Примирившись с этой участью, он на все махнул рукой. Что я мог ответить? Мне стало невыносимо грустно от сознания, что такой поэт оказался в столь тяжелом положении. А вскоре я встретил его в Тифлисе. К счастью, положение его на сей раз не было столь катастрофическим.
«Нужно ли обо всем этом вспоминать?» – подумал я сейчас и ответил самому себе: утаивать какой-нибудь нелепый и глупый случай из жизни поэта – значит не верить в него. Это во-первых. Во-вторых, «батумская эпопея» Мандельштама может скорее унизить всех нас, знавших и не знавших поэта, чем его самого, ибо мы допустили его до такой большой нужды. А ведь надо было кричать на всех углах, что Мандельштама нужно спасать от бедности любой ценой, чтобы не приходилось потом краснеть и проклинать свое равнодушие.
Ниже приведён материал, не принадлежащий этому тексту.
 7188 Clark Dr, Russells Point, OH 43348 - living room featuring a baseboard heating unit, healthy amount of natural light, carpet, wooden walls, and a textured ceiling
Позволю себе один раз на протяжении всех моих воспоминаний изменить своему правилу описывать только то, что я видел своими глазами, и рассказать о случае, поведанном мне одним из его друзей. Как-то (не помню, в какой точно из приездов Мандельштама в Тифлис) он поссорился с руководством Союза писателей Грузии и покинул город, демонстративно пройдя пешком к вокзалу по всему проспекту Руставели с котомкой на плечах, еще выше, чем обыкновенно, подняв голову, в сопровождении своей Наденьки, державшей в руках нехитрый багаж. Публика удивленно провожала глазами их скорбное шествие, напоминающее уход пророка из нечестивого города. Со стороны это было смешно, а по-настоящему – бесконечно грустно и страшно. Но жизнь есть жизнь. И Мандельштаму никто не мог помочь, даже друзья, которые его искренне ценили и верили в огромный поэтический талант.